What next? People lie about their age. (Not me!) Isn't it better to say your age and people tell you, "Wow, you don't look it at all!" rather than lie and take 10 years off and people are thinking, "Oh my God, she looks really bad for her age!"?

People lie about their weight. (Who me?) Okay, sometimes, when I put on a pound or two and I have to lay off the wine/champagne calories until that darn kilo comes off!

So, now we've got lies on a query! Why do you feel the need to include the plot of your sequel in your query? Hasn't the QS said, over and over, to query one book at a time?

(I just looked at my watch and I think it's time for a glass of wine!)

Eileen said...

Just chiming in to KariV's comment. You'r bang on that lying to someone you want to have a business relationship with is not a great start. However, an agent isn't doing you a favour by repping you and you don't work for them.

To be clear I think agents are awesome and I wouldn't want to navigate this business without them so it isn't a slam on them, just a clarification that they aren't doing this to be nice and that they need us as the writers.

Elissa M said...

Like everyone else here, I'm a bit flummoxed by this question. A query is supposed to tell an agent what the book is about, in a way that excites the agent's interest. It's not a bait-and-switch con.

I agree with everything everyone else said. Stop taking advice from that intern.

Lance said...

After you have loitered around the convention hotel lobby long enough (it can take hours) to get in the same elevator with your prospective agent, you're not going to lie to her face to face during your elevator pitch, so why lie in your query?

Ed Varga said...

I wanna be a literary intern! (hilarious)

Kitty said...

I submitted this question (sorry, forgot to include the word 'agency' between literary & intern. I was sleep-deprived when I composed it. :P ).

I wanted the advice from the intern to be true, but my spidey sense was tingling, which is why it was important to hear the truth from the Shark's mouth.

As mentioned, it wasn't so much a lie as it was a small hint of what was to come in the sequel, but I've now removed the hint. Thanks, Janet. I'm much obliged.

DLM said...

@Jennifer R. Donohue, YESSSSSS. Oh my aching head, why is it so common, too, for blurbs to just be dead wrong? It does make me *angry* rather than merely disappointed or bewildered. Truth in advertising -and paying attention in advertising too. Anything teaser-like meant to draw me in, which misses MOST of a book's point or focuses on the wrong plot points/characters/whatever, is exactly like a "THIS PILL WILL CURE EVERY PAIN IN THE WORLD" come-on in an ad, and even without ever taking the pills those still get me ranty.

However, I was going to point out what Kitty has said - that *she* is not the person who came up with the idea to "fudge" (I don't like to use the word lie on her; it feels like that ascribes intention, and she clearly had good intentions).

Unfortunately, we know what good intentions are used for. :)

Good luck, Kitty - you were smart to come to The Wise Shark with your tingling.

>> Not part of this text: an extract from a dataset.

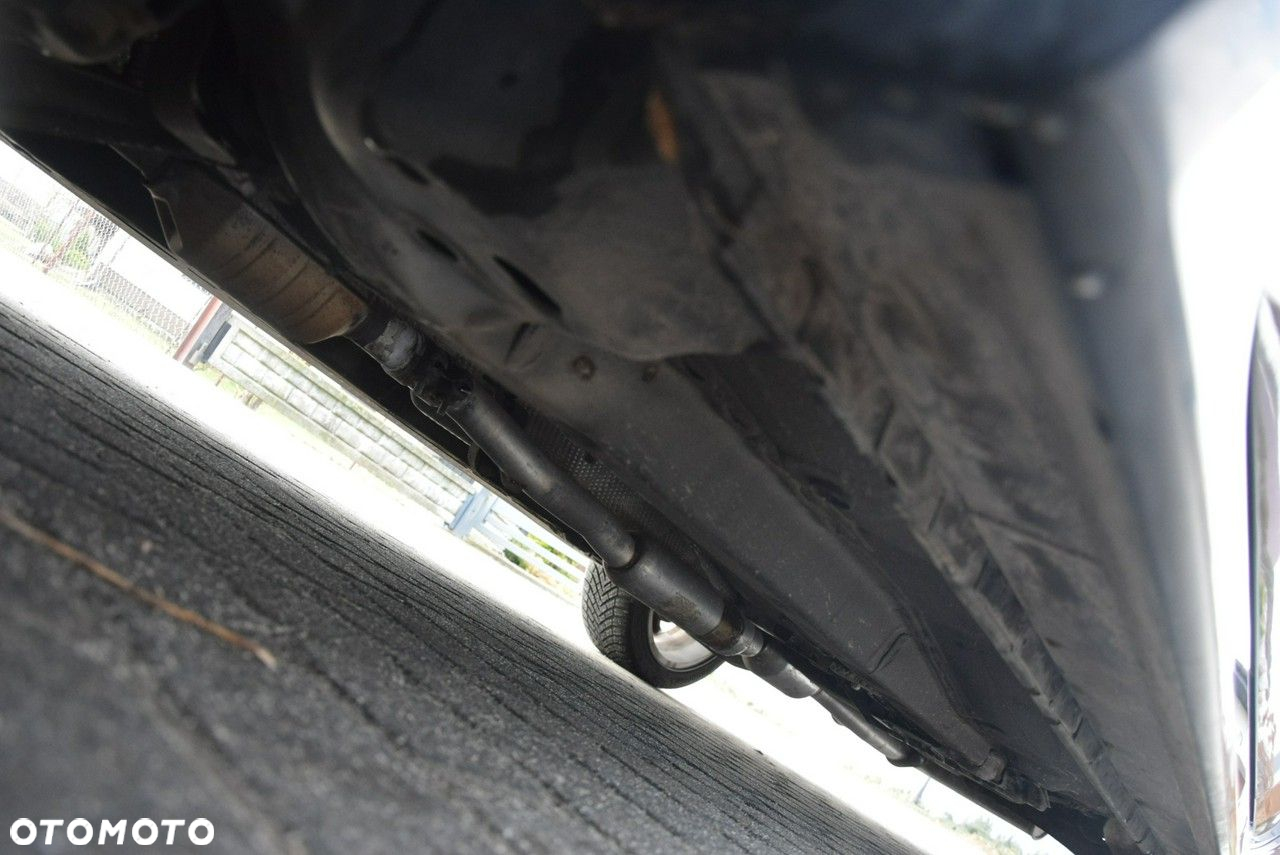 Mitsubishi Lancer 1.8 CVT Intense - 13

I think a LOT of people would have just gone with the fudging.

furrykef said...

I can't even imagine any reason to lie in a query. If you're lying about the content of your book, that means you think your lie makes for a better story than what you actually wrote. So, um... why not update your manuscript to match?

And if you lie about anything else, it certainly won't look good when the agent finds out about it.

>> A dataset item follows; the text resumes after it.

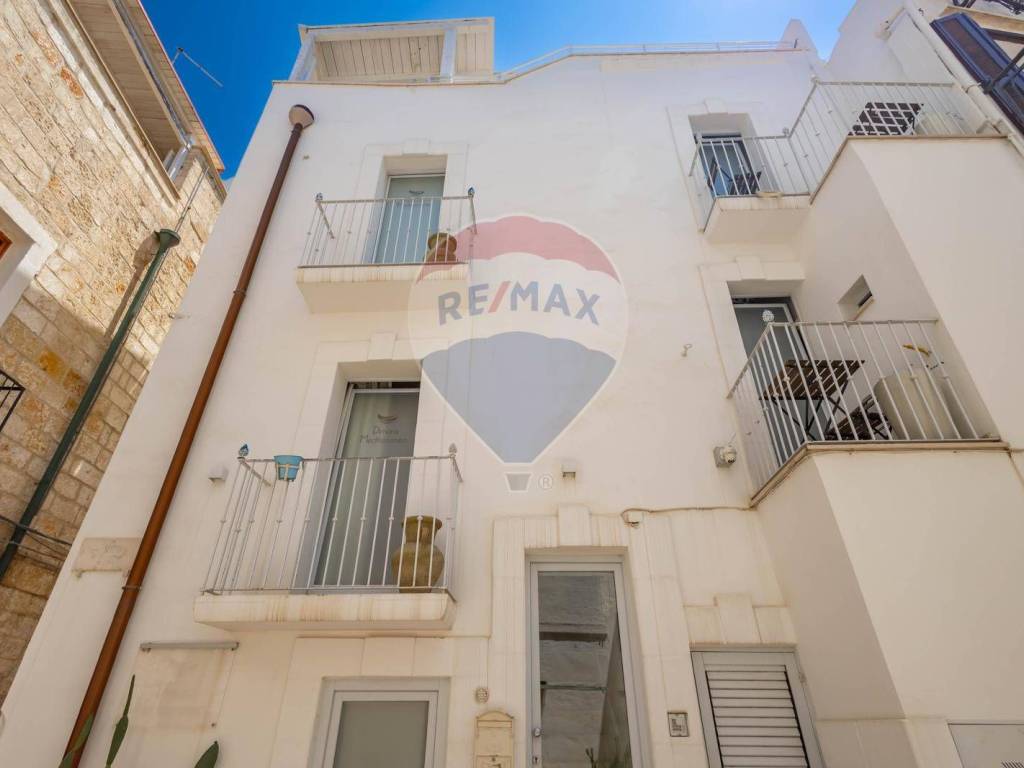 casa indipendente in vendita a Polignano a Mare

Disclaimer: I'm neither an agent nor a published author, just somebody with an ounce of common sense. (Probably not more than that, but...)

french sojourn said...

You definitely chose the right place to ask the question. And it was actually a good multi-question.

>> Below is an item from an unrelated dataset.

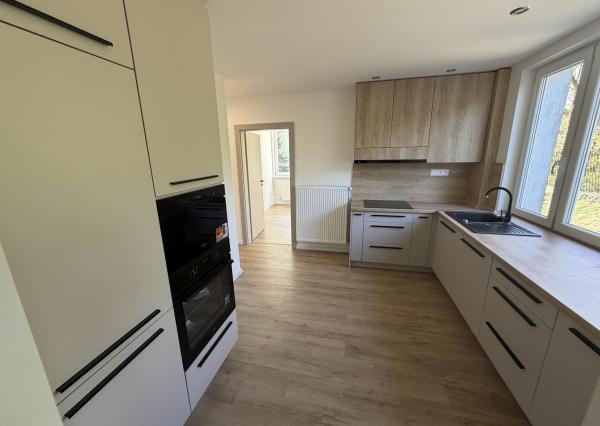 **NOVINKA** Košice-sever, Watsonova ul., 3-izb. byt, NOVOREKONŠTRUOVANÝ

I wonder if after the query there would be a line independent stating that it could be stand alone or the first of...

I asked about Querying in a Maine accent...upon reflection it was an obvious answer..ayuh! At least that was the conscientious amoungst the replies. .( more importantly by QOTKU) but I toyed with it internally long enough for it to be valid to me.

I wrote another query for mine that featured a great character, to the point that I rewrote the story to give him more face time, partially to reflect the query...cart vs. horse Hank??